From Cranbrook to Kimberley, on the warm night of July 13, observant residents and visitors alike beheld some natural summer night splendor when our big Buck Moon — the largest full moon of the year, rose splendidly from the southeast into a clear East Kootenay sky, from behind Mount Baker – at 23:16 MDT, 43 minutes past its astronomical moonrise time (as viewed from north central Cranbrook).
Luna announced her imminent rise by illuminating wispy horizonal cloud then emerged as a radiant golden orb, silhouetting a line of mountainside evergreens and, when clear of Baker, profiled the leafy branches of neighborhood deciduous trees.
An average full moon has an angular diameter of 31 arcminutes (0.52 degrees/angular diameeter equals apparent diameter), but our Buck Moon was a perigee full moon in Luna’s elliptical orbit and, at its closest proximity to Earth — 1.2 light-seconds — had a 33-arcminute angular diameter – slightly larger than an average moon, but no candidate for a “supermoon” crown (a super-exciting designation imagined by a US astrologer in 1979).

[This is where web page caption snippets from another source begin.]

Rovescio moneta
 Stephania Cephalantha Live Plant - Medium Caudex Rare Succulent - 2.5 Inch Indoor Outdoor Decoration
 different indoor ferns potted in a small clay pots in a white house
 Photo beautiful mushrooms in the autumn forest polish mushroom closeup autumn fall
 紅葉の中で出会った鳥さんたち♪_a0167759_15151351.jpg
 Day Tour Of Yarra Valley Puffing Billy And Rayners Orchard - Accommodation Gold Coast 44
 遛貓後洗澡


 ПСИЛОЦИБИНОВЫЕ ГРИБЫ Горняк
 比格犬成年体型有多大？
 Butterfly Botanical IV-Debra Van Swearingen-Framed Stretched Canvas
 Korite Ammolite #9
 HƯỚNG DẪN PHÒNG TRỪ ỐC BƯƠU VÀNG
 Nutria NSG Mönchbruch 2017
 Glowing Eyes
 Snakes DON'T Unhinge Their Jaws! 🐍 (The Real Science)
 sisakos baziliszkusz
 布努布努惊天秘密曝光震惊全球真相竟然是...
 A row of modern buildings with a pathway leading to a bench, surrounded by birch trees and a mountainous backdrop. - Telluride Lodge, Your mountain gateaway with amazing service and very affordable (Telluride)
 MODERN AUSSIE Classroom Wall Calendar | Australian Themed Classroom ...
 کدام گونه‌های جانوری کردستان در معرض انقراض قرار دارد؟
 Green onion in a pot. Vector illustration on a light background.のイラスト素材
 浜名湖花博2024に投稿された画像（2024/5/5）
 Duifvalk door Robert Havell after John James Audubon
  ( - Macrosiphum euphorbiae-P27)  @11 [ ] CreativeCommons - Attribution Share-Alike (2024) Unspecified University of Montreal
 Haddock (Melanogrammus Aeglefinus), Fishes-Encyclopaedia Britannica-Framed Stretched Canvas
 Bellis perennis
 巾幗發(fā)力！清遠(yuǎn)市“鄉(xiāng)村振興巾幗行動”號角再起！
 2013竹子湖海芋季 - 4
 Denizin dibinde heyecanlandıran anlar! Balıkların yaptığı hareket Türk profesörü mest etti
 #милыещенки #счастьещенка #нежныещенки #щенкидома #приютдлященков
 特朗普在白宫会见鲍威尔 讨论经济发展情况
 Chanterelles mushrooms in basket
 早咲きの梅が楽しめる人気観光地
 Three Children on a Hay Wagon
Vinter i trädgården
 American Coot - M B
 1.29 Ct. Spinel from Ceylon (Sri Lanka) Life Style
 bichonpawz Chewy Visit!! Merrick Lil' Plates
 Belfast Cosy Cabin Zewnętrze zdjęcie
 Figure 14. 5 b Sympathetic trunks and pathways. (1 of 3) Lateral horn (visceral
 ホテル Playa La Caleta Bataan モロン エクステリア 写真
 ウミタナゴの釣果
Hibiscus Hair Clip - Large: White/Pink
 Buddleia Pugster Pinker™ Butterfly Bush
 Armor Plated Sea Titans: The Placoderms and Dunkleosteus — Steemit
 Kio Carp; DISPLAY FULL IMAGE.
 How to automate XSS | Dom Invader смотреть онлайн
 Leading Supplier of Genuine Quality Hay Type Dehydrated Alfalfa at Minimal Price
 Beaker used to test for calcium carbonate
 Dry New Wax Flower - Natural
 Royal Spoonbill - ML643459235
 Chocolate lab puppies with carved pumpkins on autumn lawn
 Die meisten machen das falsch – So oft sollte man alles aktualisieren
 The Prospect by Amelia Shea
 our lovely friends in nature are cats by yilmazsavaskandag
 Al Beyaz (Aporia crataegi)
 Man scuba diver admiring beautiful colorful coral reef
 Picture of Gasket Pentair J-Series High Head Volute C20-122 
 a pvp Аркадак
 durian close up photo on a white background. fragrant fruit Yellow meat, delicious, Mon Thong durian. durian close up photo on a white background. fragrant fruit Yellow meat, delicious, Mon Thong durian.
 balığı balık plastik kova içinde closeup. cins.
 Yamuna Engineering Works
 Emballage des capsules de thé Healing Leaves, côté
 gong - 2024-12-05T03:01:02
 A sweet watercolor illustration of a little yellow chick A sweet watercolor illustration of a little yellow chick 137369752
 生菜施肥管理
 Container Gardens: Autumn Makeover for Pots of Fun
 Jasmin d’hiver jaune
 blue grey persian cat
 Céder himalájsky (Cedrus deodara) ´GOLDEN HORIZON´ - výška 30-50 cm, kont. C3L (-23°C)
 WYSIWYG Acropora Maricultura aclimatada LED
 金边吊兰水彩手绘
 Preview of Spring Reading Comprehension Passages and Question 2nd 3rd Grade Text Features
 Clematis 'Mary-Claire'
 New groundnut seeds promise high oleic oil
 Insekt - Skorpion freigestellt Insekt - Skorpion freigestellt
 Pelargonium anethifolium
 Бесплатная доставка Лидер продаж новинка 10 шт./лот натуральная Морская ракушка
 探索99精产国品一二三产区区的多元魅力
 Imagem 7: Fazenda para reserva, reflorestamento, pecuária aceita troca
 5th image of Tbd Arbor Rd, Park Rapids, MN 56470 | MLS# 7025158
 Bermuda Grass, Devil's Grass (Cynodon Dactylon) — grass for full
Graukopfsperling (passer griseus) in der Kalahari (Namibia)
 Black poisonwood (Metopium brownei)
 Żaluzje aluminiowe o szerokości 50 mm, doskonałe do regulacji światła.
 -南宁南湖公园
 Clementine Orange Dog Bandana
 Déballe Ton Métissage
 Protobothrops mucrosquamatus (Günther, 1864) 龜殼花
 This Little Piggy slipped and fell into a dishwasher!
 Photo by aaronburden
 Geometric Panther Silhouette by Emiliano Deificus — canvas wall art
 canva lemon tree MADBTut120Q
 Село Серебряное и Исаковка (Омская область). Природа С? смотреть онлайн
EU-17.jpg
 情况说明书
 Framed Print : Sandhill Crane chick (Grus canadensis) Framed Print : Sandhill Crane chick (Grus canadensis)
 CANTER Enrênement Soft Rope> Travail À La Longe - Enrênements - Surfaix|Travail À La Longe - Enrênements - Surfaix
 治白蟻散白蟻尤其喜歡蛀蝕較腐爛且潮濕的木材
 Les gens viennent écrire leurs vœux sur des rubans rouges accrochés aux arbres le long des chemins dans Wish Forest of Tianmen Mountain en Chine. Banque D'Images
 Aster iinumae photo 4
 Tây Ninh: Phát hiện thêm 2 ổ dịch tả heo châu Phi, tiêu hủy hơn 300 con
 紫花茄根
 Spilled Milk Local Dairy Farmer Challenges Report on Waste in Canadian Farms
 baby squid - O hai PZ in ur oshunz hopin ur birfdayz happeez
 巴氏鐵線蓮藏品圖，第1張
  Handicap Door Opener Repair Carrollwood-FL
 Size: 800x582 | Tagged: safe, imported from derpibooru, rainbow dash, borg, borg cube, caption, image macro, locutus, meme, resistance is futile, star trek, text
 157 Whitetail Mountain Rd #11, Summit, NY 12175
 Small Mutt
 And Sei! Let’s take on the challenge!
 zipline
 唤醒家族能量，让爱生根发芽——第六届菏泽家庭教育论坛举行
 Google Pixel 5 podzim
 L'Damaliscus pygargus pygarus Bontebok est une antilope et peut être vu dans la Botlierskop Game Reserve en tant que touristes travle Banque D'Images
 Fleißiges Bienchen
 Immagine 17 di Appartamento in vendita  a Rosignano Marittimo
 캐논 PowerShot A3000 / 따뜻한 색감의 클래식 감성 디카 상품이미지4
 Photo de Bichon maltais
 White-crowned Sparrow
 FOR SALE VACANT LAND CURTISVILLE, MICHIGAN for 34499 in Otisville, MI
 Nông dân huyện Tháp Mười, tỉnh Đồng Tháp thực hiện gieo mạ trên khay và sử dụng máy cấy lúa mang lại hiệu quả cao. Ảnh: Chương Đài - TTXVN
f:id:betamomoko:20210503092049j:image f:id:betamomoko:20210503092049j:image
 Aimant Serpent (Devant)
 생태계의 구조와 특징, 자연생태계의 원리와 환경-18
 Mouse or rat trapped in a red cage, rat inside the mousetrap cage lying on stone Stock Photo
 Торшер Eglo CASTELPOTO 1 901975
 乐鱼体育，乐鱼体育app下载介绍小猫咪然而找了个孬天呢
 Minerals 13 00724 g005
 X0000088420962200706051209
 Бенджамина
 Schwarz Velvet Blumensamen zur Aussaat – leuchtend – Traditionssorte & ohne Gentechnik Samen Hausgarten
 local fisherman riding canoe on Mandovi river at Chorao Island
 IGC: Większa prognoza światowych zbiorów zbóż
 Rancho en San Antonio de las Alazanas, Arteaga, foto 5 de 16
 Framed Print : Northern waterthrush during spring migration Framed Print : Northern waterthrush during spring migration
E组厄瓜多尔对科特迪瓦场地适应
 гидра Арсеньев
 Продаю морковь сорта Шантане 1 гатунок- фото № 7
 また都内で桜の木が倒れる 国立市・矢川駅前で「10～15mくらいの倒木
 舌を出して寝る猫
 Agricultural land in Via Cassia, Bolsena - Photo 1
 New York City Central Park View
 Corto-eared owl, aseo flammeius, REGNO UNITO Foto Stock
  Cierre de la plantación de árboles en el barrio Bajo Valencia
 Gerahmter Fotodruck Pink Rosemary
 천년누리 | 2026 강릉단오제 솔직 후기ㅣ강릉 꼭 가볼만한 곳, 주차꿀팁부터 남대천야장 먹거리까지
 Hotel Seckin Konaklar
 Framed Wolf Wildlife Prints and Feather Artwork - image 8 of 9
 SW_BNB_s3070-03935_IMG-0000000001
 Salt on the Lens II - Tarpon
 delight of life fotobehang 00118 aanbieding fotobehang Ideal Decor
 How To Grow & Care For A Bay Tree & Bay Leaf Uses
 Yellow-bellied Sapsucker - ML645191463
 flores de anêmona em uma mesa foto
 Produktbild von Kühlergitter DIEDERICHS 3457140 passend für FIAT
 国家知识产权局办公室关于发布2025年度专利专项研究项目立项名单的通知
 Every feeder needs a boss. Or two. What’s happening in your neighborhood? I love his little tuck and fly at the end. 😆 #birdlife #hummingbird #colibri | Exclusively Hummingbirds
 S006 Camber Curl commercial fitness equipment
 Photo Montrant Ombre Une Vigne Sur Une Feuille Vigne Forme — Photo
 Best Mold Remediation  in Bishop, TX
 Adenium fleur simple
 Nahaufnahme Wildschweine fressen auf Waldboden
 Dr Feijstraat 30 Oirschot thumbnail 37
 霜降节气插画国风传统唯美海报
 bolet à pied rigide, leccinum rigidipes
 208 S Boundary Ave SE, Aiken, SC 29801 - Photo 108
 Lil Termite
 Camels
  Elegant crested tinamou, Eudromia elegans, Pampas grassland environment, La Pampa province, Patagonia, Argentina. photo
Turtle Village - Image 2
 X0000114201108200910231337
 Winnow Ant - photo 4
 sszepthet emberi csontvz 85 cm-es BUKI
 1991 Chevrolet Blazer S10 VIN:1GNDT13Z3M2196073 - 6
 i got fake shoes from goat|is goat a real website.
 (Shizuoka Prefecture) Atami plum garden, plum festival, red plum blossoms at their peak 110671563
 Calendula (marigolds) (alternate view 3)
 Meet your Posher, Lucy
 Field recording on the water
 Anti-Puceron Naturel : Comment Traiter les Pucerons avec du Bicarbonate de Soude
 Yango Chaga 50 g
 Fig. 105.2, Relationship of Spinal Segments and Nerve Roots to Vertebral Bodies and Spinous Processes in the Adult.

As our summer nights slowly lengthen to greater prominence, away from city lights on clear low-moonlight nights, we can behold the starry heavens and the Milky Way with our own eyes; perhaps inspired by the James Webb Space Telescope’s revelatory deep sky visions, but transcending the online vicariousness of our times.
At Cranbrook’s latitude (49.50 N), on the night of July 31st, the commencement of our ever expanding time of “true night” advances to midnight and lasts for three hours and 39 minutes (August 1 — 00:00 to 03:39 MDT).
Unfearingly, we can enjoy meteors – shooting stars – inbound meteoroids from outer space – as they vaporize in showy streaks of light across the night sky, for here on terra firma, the odds of getting whacked by a surface-impacting survivor-meteor — a “meteorite” — are infinitesimal.
Presently, our East Kootenay night sky revives, as close as a 20-minute drive from inner Cranbrook, the Milky Way reappears in its full summer glory, but our relentless urban light pollution will inevitably push such an opportunity for an engagement with a natural night sky ever outward, before eventually eliminating it altogether for all but truly rural EK locales.
Regardless, the longer nights of summer 2022 lie before us, so enjoy our summer stars for what radiance they yet possess and remember that, amid a myriad of these infinitely distant natural other-world lights, southward to the ancient archer Sagittarius lies the heart of our own Milky Way Galaxy.